1 januari 2016 trad de Wet Meldplicht Datalekken in werking. Deze meldplicht stelt Nederlandse organisaties verplicht om in het geval van een datalek of wanneer er persoonsgegevens in handen vallen van een derde partij die geen toegang tot die informatie zou moeten hebben, dit voorval direct te melden aan het College Bescherming Persoonsgegevens (CBP). Het CBP heeft de bevoegdheid om bedrijven een boete op te leggen voor hun onzorgvuldig omspringen met persoonlijke of gevoelige data.
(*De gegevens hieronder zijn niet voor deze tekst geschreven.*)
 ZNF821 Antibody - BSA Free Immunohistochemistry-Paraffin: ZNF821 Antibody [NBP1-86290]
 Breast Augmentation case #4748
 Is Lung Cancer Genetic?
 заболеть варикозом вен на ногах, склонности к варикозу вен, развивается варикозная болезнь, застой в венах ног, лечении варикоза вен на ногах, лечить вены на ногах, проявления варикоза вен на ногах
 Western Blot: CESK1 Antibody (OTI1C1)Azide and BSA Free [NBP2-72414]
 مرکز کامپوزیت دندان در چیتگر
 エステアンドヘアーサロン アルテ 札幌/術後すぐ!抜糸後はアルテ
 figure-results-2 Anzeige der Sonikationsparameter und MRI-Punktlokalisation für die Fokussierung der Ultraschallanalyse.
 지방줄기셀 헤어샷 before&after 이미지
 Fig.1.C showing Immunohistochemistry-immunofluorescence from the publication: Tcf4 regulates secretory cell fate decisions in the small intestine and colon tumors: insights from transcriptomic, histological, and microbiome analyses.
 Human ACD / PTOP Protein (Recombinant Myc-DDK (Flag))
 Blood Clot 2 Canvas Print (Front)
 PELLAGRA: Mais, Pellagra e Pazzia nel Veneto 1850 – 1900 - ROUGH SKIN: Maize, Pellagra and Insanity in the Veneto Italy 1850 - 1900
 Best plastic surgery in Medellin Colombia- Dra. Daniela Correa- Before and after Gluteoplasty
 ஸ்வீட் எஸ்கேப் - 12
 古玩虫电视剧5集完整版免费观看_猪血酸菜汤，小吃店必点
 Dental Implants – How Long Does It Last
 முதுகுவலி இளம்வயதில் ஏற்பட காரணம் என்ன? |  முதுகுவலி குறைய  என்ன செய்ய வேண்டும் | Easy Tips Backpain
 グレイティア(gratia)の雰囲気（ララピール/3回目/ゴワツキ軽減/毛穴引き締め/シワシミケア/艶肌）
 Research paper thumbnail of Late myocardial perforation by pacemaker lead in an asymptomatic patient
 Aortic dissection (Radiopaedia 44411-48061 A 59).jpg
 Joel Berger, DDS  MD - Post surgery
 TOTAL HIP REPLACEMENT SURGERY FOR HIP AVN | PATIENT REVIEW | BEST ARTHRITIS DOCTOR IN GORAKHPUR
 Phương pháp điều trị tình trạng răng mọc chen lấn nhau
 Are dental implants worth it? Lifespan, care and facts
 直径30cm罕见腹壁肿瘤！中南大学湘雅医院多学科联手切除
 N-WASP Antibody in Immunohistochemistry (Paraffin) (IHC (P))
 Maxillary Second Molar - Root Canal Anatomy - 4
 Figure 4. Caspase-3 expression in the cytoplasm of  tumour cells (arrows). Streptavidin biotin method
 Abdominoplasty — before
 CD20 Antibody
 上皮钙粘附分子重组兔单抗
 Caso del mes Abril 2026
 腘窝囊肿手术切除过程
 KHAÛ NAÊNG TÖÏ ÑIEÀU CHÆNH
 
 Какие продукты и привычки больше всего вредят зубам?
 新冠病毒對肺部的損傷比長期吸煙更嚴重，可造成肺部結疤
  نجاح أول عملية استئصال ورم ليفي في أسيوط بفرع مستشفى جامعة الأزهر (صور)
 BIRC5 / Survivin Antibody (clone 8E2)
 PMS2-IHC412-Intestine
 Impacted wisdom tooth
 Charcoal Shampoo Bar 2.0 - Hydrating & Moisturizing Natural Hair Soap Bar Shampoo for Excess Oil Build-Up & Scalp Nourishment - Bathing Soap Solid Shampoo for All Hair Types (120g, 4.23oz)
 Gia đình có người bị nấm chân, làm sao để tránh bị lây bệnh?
Onderzoek naar naleving Wet Meldplicht Datalekken
Om in kaart te brengen hoe Nederlandse bedrijven sinds de invoering van de nieuwe wet zijn omgesprongen met de nieuwe wetgeving en om inzicht te krijgen in het aantal gerapporteerde gevallen van dataverlies besloot beveiligingorganisatie Kaspersky Lab om hier onderzoek naar te laten doen. Pb7 Research, een onderzoeksbureau dat in 2012 werd opgericht door Peter Vermeulen – voormalig Director bij International Data Corporation (IDC) – werd ingeschakeld om het onderzoek te leiden.
Pb7 ondervroeg 310 Nederlandse organisaties en kwam tot de algehele conclusie dat zo’n 4 op de 10 (41%) van hen geen (tijdige) melding maakten aan het CBP van datalekken binnen hun organisatie. Daarnaast werd ook duidelijk dat werknemers in veel gevallen het dataverlies überhaupt niet meldden uit vrees voor strafmaatregelen. Als beweegredenen om datalekken niet te melden, wezen de respondenten onder meer op mogelijke reputatieschade, het voorkomen van verder misbruik en het feit dat onvoldoende duidelijk was wat de impact van een datalek zouden kunnen zijn.
Niet iedereen is het eens over het nut van de nieuwe wetgeving. Sommige advocaten stelden recentelijk dat bedrijven er beter aan doen hun databeveiliging op te schroeven en de gevallen van datalekkages intern op te lossen. En ook bij de respondenten is een soortgelijk beeld te zien. ‘Slechts’ 50% van de respondenten stelt dat het rapporteren van gevallen van datalekkage zorgt voor meer vertrouwen in hun organisatie.
Iets minder dan de helft (47%) geeft aan over onvoldoende informatie te beschikken om een datalek al dan niet te melden. Uit de onderzoeksbevindingen blijkt echter wel dat afgelopen jaar het merendeel van bedrijven en overheidsinstellingen zich met een of meerdere gevallen van lekkage van gevoelige gegevens geconfronteerd zag.
Opvallend genoeg vonden de onderzoekers dat er beduidend minder gevallen van datalekkage door het CBP gepubliceerd worden, dan dat het College onderzocht zou moeten hebben. Pb7 Research directeur Vermeulen stelt tegenover het FD: “Op basis van ons onderzoek zou er in 2016 sprake moeten zijn van ruim 24.000 meldingen van datalekken. Dat aantal wijkt flink af van de door Autoriteit Persoonsgegevens gepubliceerde 5.500 registraties bij de aftrap van dit jaar.”
Martijn van Lom, General Manager Benelux van Kaspersky Lab, voegt toe: “Zwijgen over datalekken is struisvogelpolitiek. Stilte maakt onveilig.” Volgens hem komt het zwijgen over datalekken zowel de consument als de strijd van politie en justitie tegen cybercrime niet ten goede. Hij stelt: “Uiteraard heb ik begrip voor organisaties die niet zitten te wachten op rompslomp en reputatieschade. Maar consumenten beschikken op deze manier niet over informatie om te kiezen welk bedrijf zij hun kostbare data en waardevolle klandizie toevertrouwen. Tegelijkertijd ontbreekt het politie en justitie aan informatie om inzicht te krijgen in de omvang van cybercrime en daarnaast om cybercriminelen op te sporen en te vervolgen. Door het niet te melden wordt het alleen maar lastiger om cybercriminaliteit te bestrijden en ontwikkelingen op dit gebied tegen te gaan.”